Disclaimer : Cette review n’est pas 100% DC friendly.

Le Black Label, meilleure blague de 2018.

Venez, accourez, prenez place, asseyez-vous, le popcorn est fourni par la maison, les tomates aussi. Aujourd’hui, le rédacteur le moins objectif de Earth-Prime se farcit un comics, et le fameux nouveau label luxueux, dont le seul véritable prestige est celui d’offrir au lecteur une place confortable et de choix pour assister au remake du Dernier jour d’un condamné, avec DC à la place du futur mis à mort. Le Black Label, c’est le prestige de voir les seins d’Harley Quinn sur du papier glacé, avec un Sean Murphy sur ton épaule pour t’expliquer que ce détail fera de White Knight un chef d’oeuvre. Le prestige de voir The Other History of The DC Universe repoussé jusqu’à nouvel ordre, c’est à dire, potentiellement l’année prochaine, potentiellement dans deux ans, et potentiellement lorsque les pages de ton comics commenceront à être difficile à tourner à cause de ton l’arthrose, dans un demi-siècle. Un marasme de marketing et d’éditorialisme qui en dit long sur la capacité des têtes pensantes à s’en tenir à une simple ligne directrice. Le prestige, de voir un label tellement dans la déchéance, qu’il se retrouve après 6 mois à peine à commettre un drive-by, assassinant la gamme DC Classique et lui volant ses titres afin de pouvoir survivre. Le prestige donc, de voir The Killing Joke, Watchmen, et The Dark Knight Returns aux côté d’oeuvres tellement majeures qu’elles se distinguent des autres, non pas par la qualité de leur scénario, mais en montrant en page 16 le chibre turgescent d’une chauve-souris orpheline. Vous ne rêvez pas, vous êtes en 2018 chez DC, et l’année suivante s’annonce déjà mémorable.
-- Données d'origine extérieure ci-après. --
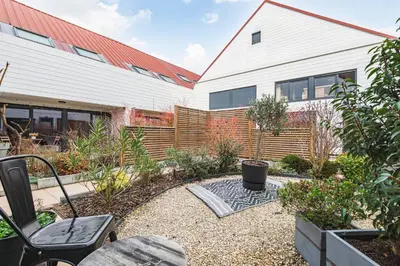 Jardin de l'établissement Loft des Moissons - central and double parking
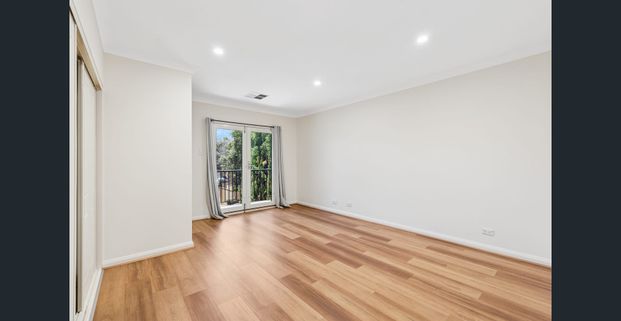 Spacious Townhouse - Photo 1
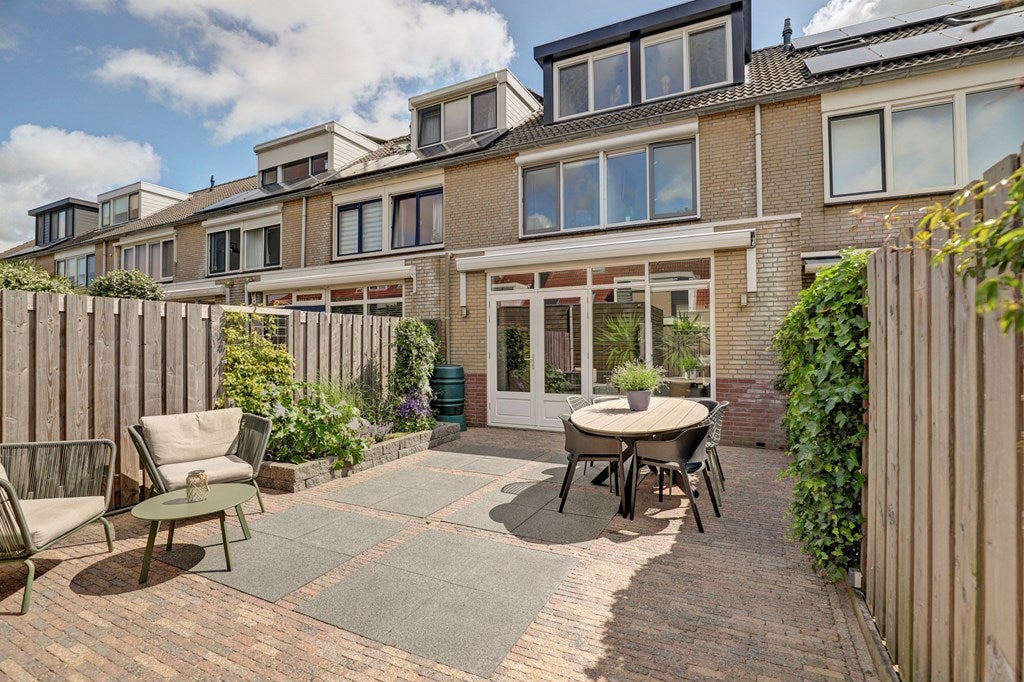 Huis Pastoor Kwakmanlaan 81 in Rijpwetering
Avec un peu de chance, Miller réussira peut être à sortir son Superman, censé marquer la sortie du Black Label des mois après la sortie effective de ce dernier, Snyder pourra nous parler une nouvelle fois de Batman, et cela en trois numéros, correspondant à son style habituel d’écriture en trois actes -anecdote/intrigue/retour sur l’anecdote-, et Johns aura peut être l’occasion de nous présenter Three Jokers. Enfin, si l’intrigue Rebirth/Doomsday Clock se conclut l’année prochaine, et si on ne lui donne pas d’autres titres à assurer. Gary Frank est lent, certes, mais une équipe créative fonctionne à deux. Spoiler : Shazam en comics est déjà là, le film arrive vite, à qui la priorité va-t-elle être donnée ?
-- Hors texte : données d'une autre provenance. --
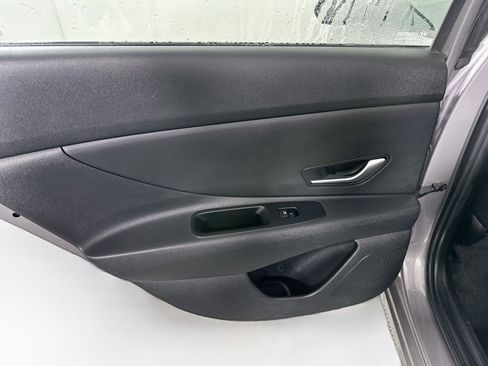 Used 2021 Hyundai Elantra SE FWD image 25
« No means Yes » – Azzarello et Didio devant les critiques des fans

La forêt est en feu, tout est détruit. Azzarello se tient droit, fier de son cynisme, fier de sa connerie. Dire qu’il y a dix ans, cet homme pondait Joker et Luthor. Dire qu’il réussissait à offrir un des meilleurs titres des New 52. Dire qu’il a fait une partie de l’histoire de Vertigo… Une balle de sniper correctement dirigée aurait largement suffit, mais cette fois, j’ai la rage. La frappe chirurgicale peut commencer. Batman : Damned, c’est la rencontre de deux univers. La fornication sous xanax entre le Dark DC Comics et MTV qui auraient donné un gosse qui ferait passer le plus gros consanguins du Moyen-Âge pour le prix nobel de physique. “Le trash fait vendre, le sexe fait vendre, et Brian semble bien déterminé à gagner le concours de celui qui aura la plus grosse dans la catégorie Subversif pour être subversif”. Voilà ce qu’a dû se dire Didio lorsque, fumant un énorme cubain, il a validé le projet, juste avant de tirer au sort quels personnages il buterait dans Heroes in Crisis. Quatre-vingts ans de publication pour en arriver à Harley déguisée en Joker, tentant de violer Batman sur le toit du comico de Gotham, avant que celui-ci ne reprenne connaissance et ne la tue. Bill Finger et Bob Kane sont morts il y a longtemps, heureusement pour eux. Mais nous y reviendrons. Batman, el famoso psychopathe de Gotham. Bruce Wayne, qui à l’âge de dix piges, commence à braquer son flingue en plastique derrière le crâne de sa mère, car elle vient de se disputer avec Papa, et que ce dernier est parti. Un gosse qui a quand même bien dans l’idée de faire sauter le caisson de sa mère, mais qui se demande si la faire pleurer, ce n’est pas aller un peu trop loin. Entre une gifle avec élan de daronne, lui expliquer que tuer ne résout pas les problèmes, ou simplement le prendre dans ses bras, l’embarras du choix était pourtant laissé à Martha. Mais visiblement, un discours sur le port d’arme, à ce moment précis, est sans doute le plus adapté.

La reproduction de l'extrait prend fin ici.